The face of the so-called “alt-right” movement told The Hollywood Reporter Thursday that a recent meeting with Simon & Schuster executives translated into a contract worth a “wheelbarrow full of money,” a deal he partly attributed to a lifetime Twitter ban he received over the summer by CEO Jack Dorsey, along with vocal “social justice” critics.

“They said banning me from Twitter would finish me off. Just as I predicted, the opposite has happened,” Mr. Yiannopoulos told THR. “Every line of attack the forces of political correctness try on me fails pathetically. I’m more powerful, more influential, and more fabulous than ever before and this book is the moment Milo goes mainstream. Social justice warriors should be scared — very scared.”

Mr. Yiannopoulous, currently on his cross-country “Dangerous F—-t Tour,” banned by Twitter in July after arguing with “Ghostbusters” star Leslie Jones.

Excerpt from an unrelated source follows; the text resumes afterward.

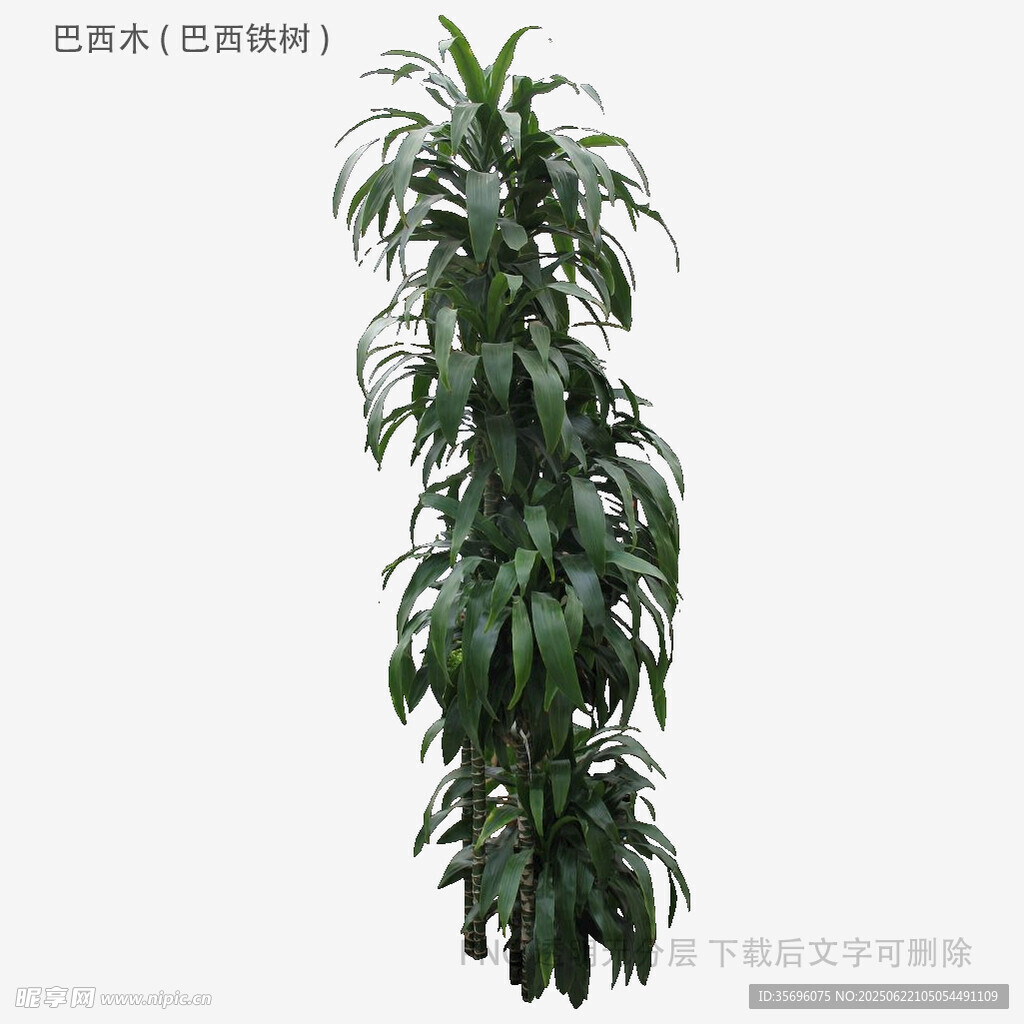高大綠植盆栽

His critics claimed that he should be held responsible for racist messages she received from random accounts during the altercation.

“Did it hurt Madonna being banned from MTV in the 1990s?” asked on Thursday. “Did all that negative press hurt Donald Trump’s chances of winning the election?”

News of the upcoming publication of “Dangerous” prompted Chicago Review of Books to tweet, “We will not cover a single @simonschuster book in 2017.”


SEE ALSO: Milo Yiannopoulos documentary will film during U.S. tour; THR blasts ‘outlandish’ rider


Mr. Yiannopoulous last made national headlines when the U.K. Department for Education’s Counter-Extremism Unit pressured his childhood high school, Simon Langton Grammar School for Boys in Canterbury, to cancel a planned speech by the conservative pundit.

“Who even knew the DoE had a counter-extremism unit?” he wrote Nov. 21. “And that it wasn’t set up to combat terrorism but rather to punish gays with the wrong opinions? Perhaps if I’d called the speech ’MUSLIMS ARE AWESOME!’ they’d have left us alone. Disgusted.”